■ Task to carry out:
Set down nothing but the lines from the one containing "Мерседес Атего, объемом" to the final line of the material, exactly as written, and drop the pictures.

■ Information shown:
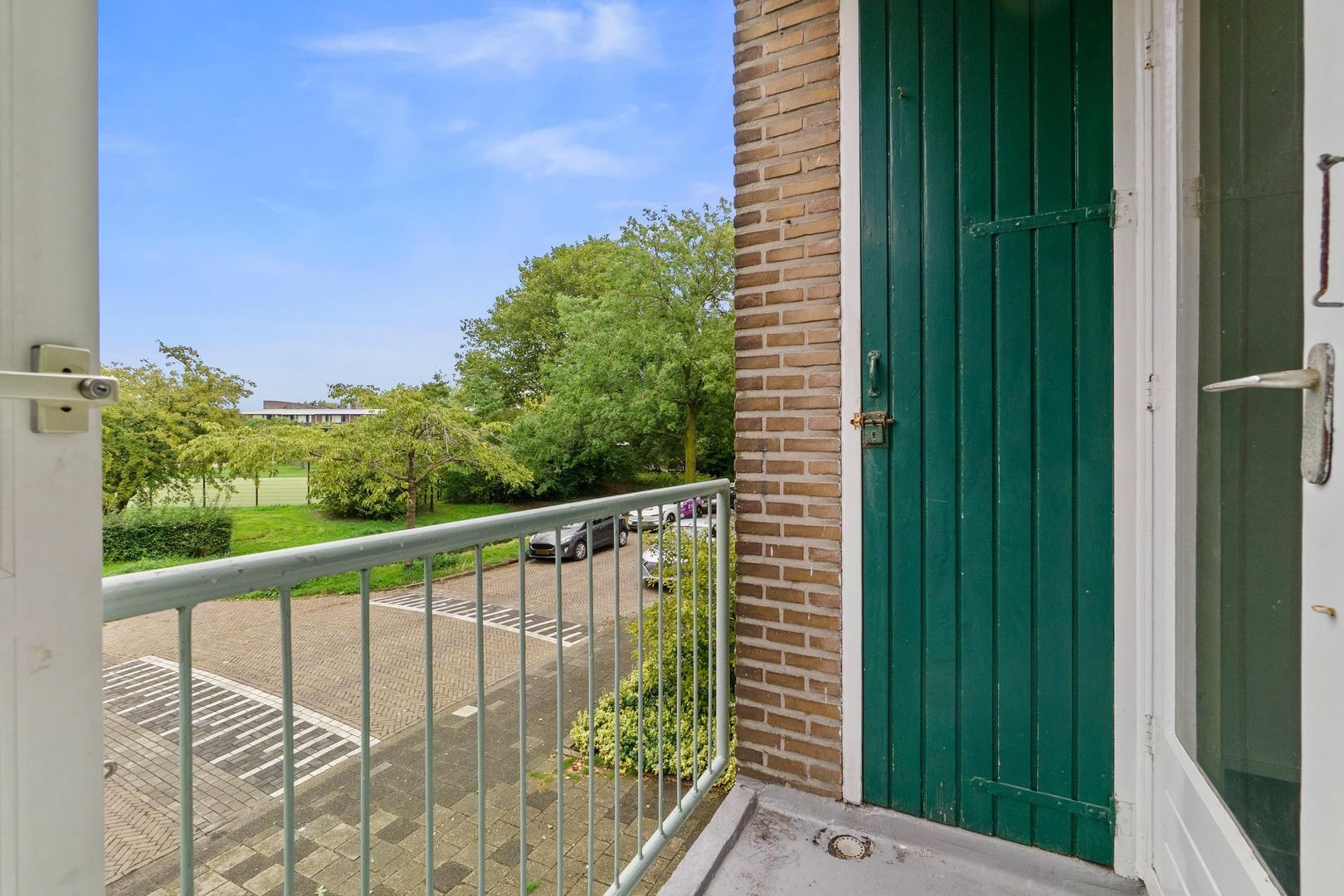 van Leeuwenstraat 57, Voorburg foto-28 blur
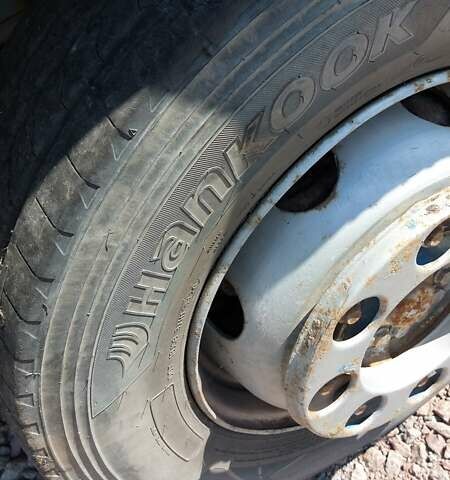 Мерседес Атего, объемом двигателя 0 л и пробегом 100 тыс. км за 10750 $, фото 11 на Automoto.ua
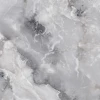 Керамогранит Arcadia Ceramica Invisible Onyx Grey Full Polished серый FP1026-A 120х60 см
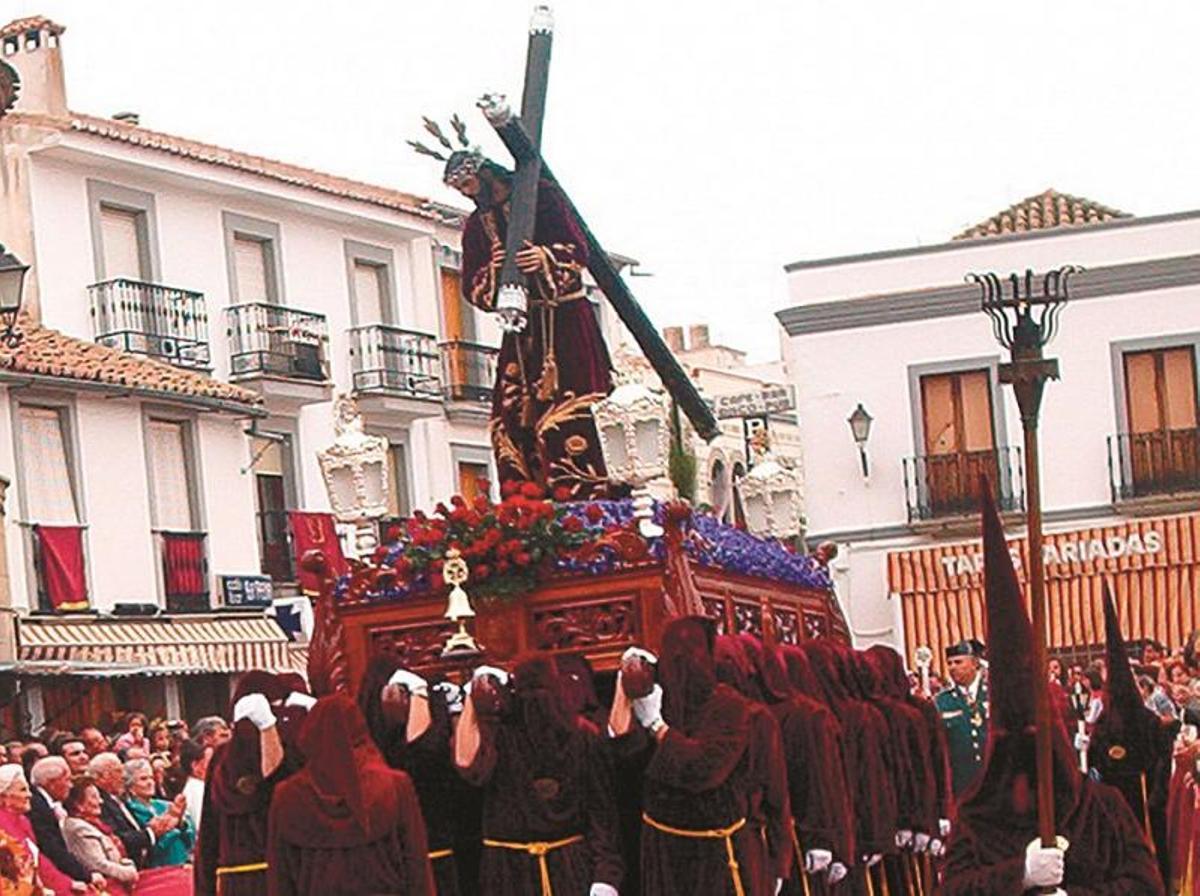 Magna Nazarena 2019: guía de pasos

■ Task answer:
 Мерседес Атего, объемом двигателя 0 л и пробегом 100 тыс. км за 10750 $, фото 11 на Automoto.ua
 Керамогранит Arcadia Ceramica Invisible Onyx Grey Full Polished серый FP1026-A 120х60 см
 Magna Nazarena 2019: guía de pasos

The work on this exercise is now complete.